# Which reel?



## Jbare0001 (Apr 24, 2006)

I am looking for a new reel and have it kinda narrowed down to a couple. I will mostly use it on my 12 ft anchor rod for king fishing but I will take it out surf fishing occasionally. I am thinking of an avet sx/mxj magiccast or a 757 akios ctm. I know casting for distance is a lot of technique, but is there much of a difference in how these reels cast. I figure the sx would cast the farthest of the bunch because it is the smallest, but I like the look of a bigger reel on my rod and I like the line capacity in case a ray hits and runs with my anchor or when I use it for fishing which is why I am looking at the mxj and the 757.


----------



## AbuMike (Sep 3, 2007)

The 757 for sure.
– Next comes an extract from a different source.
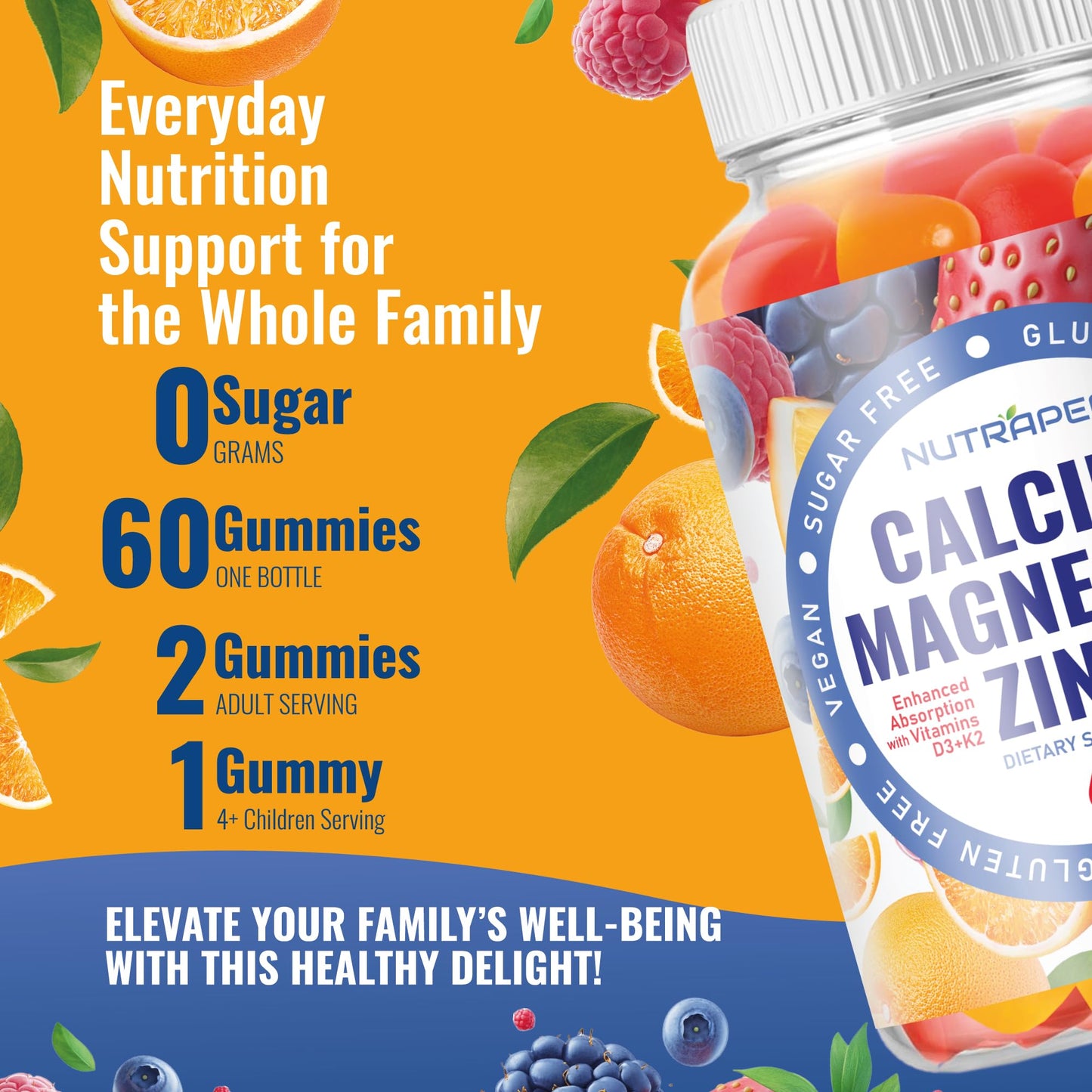 NutraPep Calcium Magnesium Zinc Supplement Gummies With Vitamin D3 K2, Magnesium Glycinate, 60 Gummies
The Avet is a great reel but the 757 will get better distance right out of the box. If you want to spend time cleaning and re lubing the Avet then it will be great. But for what you want why spend the extra $50 on the Avet.


----------



## Hudak (Sep 10, 2007)

I really like my avet's. I also have the 757. For what you are describing, I would go with the 757.


----------



## dchfm123 (Jun 11, 2011)

The 757 out of the box will cast further but I don't think its made as well. There is something about the one piece frame and simplicity to the avet that I like. I have an sx/mc that I put abec7 spool bearings from boca bearing in and I cleaned all of the lube out of it and relubed it with shimano grease everywhere except for the spool bearings. I used quantum hot sauce for that and when throwing a 6 ounce anchor from the pier I can throw nearly the entire spool off the reel. Its a great casting reel it just needs a little work to get it ready. Another reel to look at is the penn fathom in the 12 or 15 size. That live spool is prob the most impressive free spool I have ever seen from the factory in any reel. I have never thrown one but I imagine it will cast amazing.


----------



## George Gravier (Oct 28, 1999)

dchfm123 said:


> The 757 out of the box will cast further but I don't think its made as well. There is something about the one piece frame and simplicity to the avet that I like. I have an sx/mc that I put abec7 spool bearings from boca bearing in and I cleaned all of the lube out of it and relubed it with shimano grease everywhere except for the spool bearings. I used quantum hot sauce for that and when throwing a 6 ounce anchor from the pier I can throw nearly the entire spool off the reel. Its a great casting reel it just needs a little work to get it ready. Another reel to look at is the penn fathom in the 12 or 15 size. That live spool is prob the most impressive free spool I have ever seen from the factory in any reel. I have never thrown one but I imagine it will cast amazing.


x1


----------



## Eattheflounder (Apr 24, 2011)

The last time I answered a question about reels I suggested that SharkeyMalarkey consider an Abu 6500. That turned into a disastrous, hilarious thread a few weeks later. Since that time I have realized that I should not be giving advice about reels to people that I do not know well on the internet.
I hope that abumike, garbo,and a few others see this post and I hope that you are very happy with what ever reel that you end up buying Jbear0001. I have no good reel advise to offer, sorry

ETF


----------



## KEVIN (Feb 26, 2009)

geo said:


> x1


X2 on the Fathom 12 and 15. 757 and Avets are rock solid as well


----------



## SALTSHAKER (Dec 5, 2002)

The Akios 757 also comes with a 5,5 return ratio and the abec 7 bearings can be put in it also.... fine reel....


----------



## Jbare0001 (Apr 24, 2006)

My Dad has both an avet sx and a fathom 25n, out of the 2 I can cast the fathom more consistantly. I will get the lever just right on the sx every now and then and that thing will fly but more often than not I either will fluff the sx or I'll put too much on it and it doesn't go anywhere. I second being impressed with the freespool with the fathom, I just sat there and stared at it spinning so long. I did have the fathom at the top of my list till I saw the akios 757. I have always been a fan of Abu's so the akios reels really have me curious. The reel I am using now is a 7700 Abu but I have been thinking about retiring it even though it will be hard to find a reel as well made. I think I just want an excuse to buy a new toy to show off that not everyone has, at least in my neck of the woods anyway. Keep the opinions and suggestions coming, my mind isn't totally made up yet.


----------